The Urban Future Lab at UTSA is tackling its biggest canvas yet---the city's entire south side.
News Radio 1200 WOAI reports that, in conjunction with the Southside First Economic Development Council, the lab, which studies how to make the city of the future more functional and user friendly, is trying to come up with ways that can happen for the roughly 300,000 people who live on the South side.
"Looking at the south side, how can we addres general inequality," Urban Future Lab director and UTSA architecture professor Antonio Petrov told News Radio 1200 WOAI.
Petrov say the city has focused on 'nodes' of disadvantages areas, for example the Pearl area, but has never focused its resources on trying to improve an entire section of the city.

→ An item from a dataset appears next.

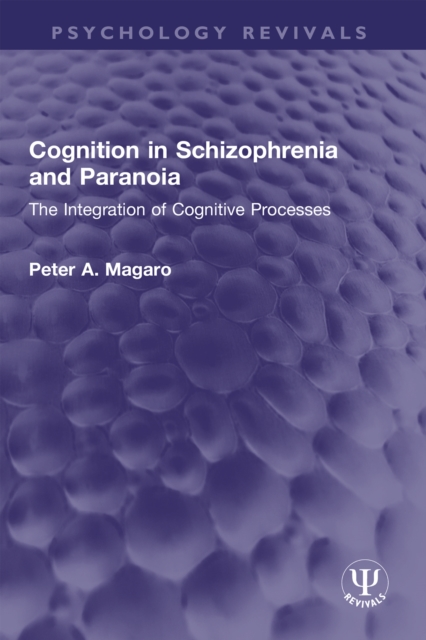 Cognition in Schizophrenia and Paranoia : The Integration of Cognitive Processes, EPUB eBook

"Access to parks, walkable streets, better schools, better jobs, everything a little more accessible," he said.
The south side, which has long been a stepchild in the city's economic development efforts, is experiencing a renaissance for several reasons.

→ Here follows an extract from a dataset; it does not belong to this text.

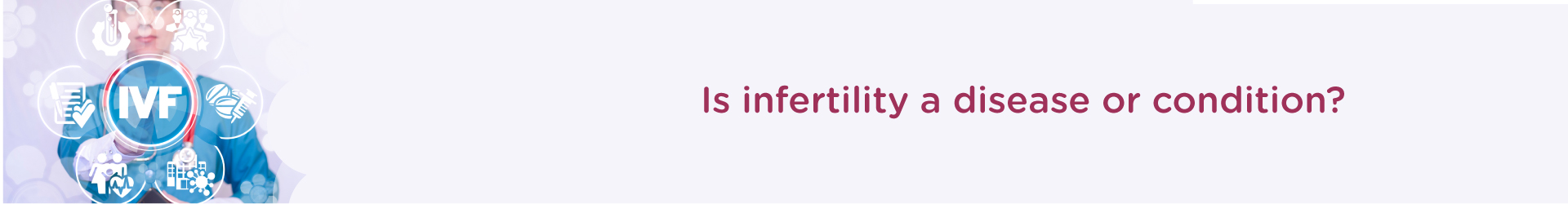 Is Infertility a Disease Or Condition?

The highly successful Brooks and Port San Antonio developments have brought new employers, colleges, and amenities to the area. The proximity to the Eagle Ford shale oil fields has led to economic growth as well, and the designation of the Spanish Colonial Missions as World Heritage Sites have made the region an international tourism destination.

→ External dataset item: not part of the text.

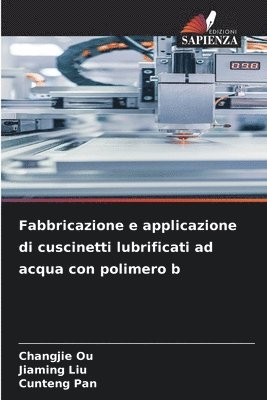 Fabbricazione e applicazione di cuscinetti lubrificati ad acqua con polimero b 1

But Petrov says despite all this, many parts of the south side remain cut off from economic growth, and the benefits that come with that growth.
He says the results of the research will be turned over to City Council and to other development agencies.
The Urban Future Lab has a reputation for 'out of the box' thinking. It was Petrov who proposed a modern elevated trolley, kind of like a ski lift, to transport people from downtown to the airport, speeding travel times and cutting down on highway congestion.